Preposisi, Kebenaran, dan Teologi
Dapat di definisikan jika tugas dari
telogi adalah mengidentifikasi dan merumuskan secara logis. Koheren, dan
menyakinkan, kebenaran yang di wahyukan di dalam Alkitab. Pembelaan bagi wahyu
proposional selalu merupakan ajaran sentral dari kaum injili dan prinsip utama
di dalam perdebatan mengenai inerransi Alkitab. Dengan kata lain Alkitab adalah
informativ dan benar di dalam setiap perkara yang dibicarakanya. Alkitab
mewahyukan pengetahuan tentang natur Allah, manusia, etika, sejarah dan
peristiwa-peristiwa yang akan datang, wahyu ini datang melalui beragam budaya
dan individu. Tatai ini semua tidak membuatnya tidak kurang proposional.
Bahasa Alkitab. Tidak hanya
terdiri dari penyataan deklaratif seperti “Yesus menangis.” Alkitab juga
menyajikan pertanyaan (pernyataan Yesus “Allahku. Allahku, mengapa Engkau
meninggalkan Aku:”), dan seruan “Haleluya”. Tuturan puitis yang bersifat
proposisional, meskipun mereka mungkin sangat imajinatif dan emosional. Ini
merupakan bahasa metafora dari pertobatan, pengakuan, dan pengharapan.
2.2.2.
Menggugat Hakikat Alkitab
Postmodernisme adalah gagasan post-strukturalisme
yang lahir sebagai “bayi” sekularisme modern. Menurut Klein, gagasan
postmodernisme terhadap kebenaran adalah jamak. Pemikiran ini mendukung
ideologi pluralisme dimana tidak ada satu agama atau cara pandang (worldview) yang
mengandung kebenaran mutlak.[1] Hal
ini tentu saja menggugat hakikat Alkitab sebagai sebuah kebenaran dan
satu-satunya kebenaran mutlak. Dalam pandangan ini, Alkitab diperlakukan sama
dan sederajat dengan kitab-kitab lain dan tidak eksklusif diterima sebagai
satu-satunya penyataan khusus Allah kepada manusia. Padahal menurut Erickson,
Alkitab adalah buku yang berbeda karena Alkitab mencakup baik kehadiran Allah
sendiri maupun kebenaran yang menginformasikan tentang diri-Nya.[2]

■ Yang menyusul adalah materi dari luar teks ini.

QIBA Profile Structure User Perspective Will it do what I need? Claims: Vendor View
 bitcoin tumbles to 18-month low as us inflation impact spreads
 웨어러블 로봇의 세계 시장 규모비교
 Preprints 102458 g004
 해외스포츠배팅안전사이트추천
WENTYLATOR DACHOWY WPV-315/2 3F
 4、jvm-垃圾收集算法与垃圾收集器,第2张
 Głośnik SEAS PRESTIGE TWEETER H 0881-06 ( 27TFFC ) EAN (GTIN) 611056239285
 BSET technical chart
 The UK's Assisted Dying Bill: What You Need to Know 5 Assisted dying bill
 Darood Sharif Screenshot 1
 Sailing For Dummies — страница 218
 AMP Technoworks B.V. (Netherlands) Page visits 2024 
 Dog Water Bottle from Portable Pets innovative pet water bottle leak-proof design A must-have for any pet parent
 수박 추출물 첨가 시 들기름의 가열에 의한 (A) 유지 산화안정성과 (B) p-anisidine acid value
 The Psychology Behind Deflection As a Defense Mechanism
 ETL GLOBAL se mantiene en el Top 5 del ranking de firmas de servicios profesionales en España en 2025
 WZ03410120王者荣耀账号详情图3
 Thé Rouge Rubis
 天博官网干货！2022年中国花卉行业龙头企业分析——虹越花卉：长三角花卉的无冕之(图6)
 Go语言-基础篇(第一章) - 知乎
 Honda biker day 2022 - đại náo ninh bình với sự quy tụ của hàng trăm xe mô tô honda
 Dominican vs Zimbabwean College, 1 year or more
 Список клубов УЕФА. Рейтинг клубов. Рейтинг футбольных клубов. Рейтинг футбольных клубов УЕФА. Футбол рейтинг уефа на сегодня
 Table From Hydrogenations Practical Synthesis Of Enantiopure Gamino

Tentu saja sebagai buku yang merupakan penyataan khusus Allah, Alkitab memiliki
wibawa dan otoritas. Postmodernisme justru menggugat kebenaran mutlak akan
kewibawaan dan otoritas Alkitab tersebut.
2.2.3.
Penafsiran Alkitab Yang Semaunya
pendekatan postmodernisme terhadap teks, sangat
bertentangan dengan natur utama hermenetik yaitu eksegesa. Pendekatan
hermenetik postmodernisme bukanlah teks atau konteks melainkan apa yang menjadi
pikiran atau wawasan pembaca saat membaca teks Alkitab. Metodologi ini membuka
ruang yang selebar-lebarnya untuk rekontekstualiasi, sesuatu yang sangat
berbahaya dan membelokkan kebenaran menurut kemauan penafsir, yang oleh Lim
disebut hermeneutical pitfalls.[3] Mengapa
disebut berbahaya, karena penafsir hanya akan memperlakukan teks Alkitab
sebagai kumpulan dari ide-ide manusia belaka dan menolaknya sebagai ide Allah
yang diinspirasikan kepada manusia. Mengapa hal ini terjadi? Kembali
kepada pemikiran Derrida, konsepnya tentang Allah telah mengalami dekonstruksi.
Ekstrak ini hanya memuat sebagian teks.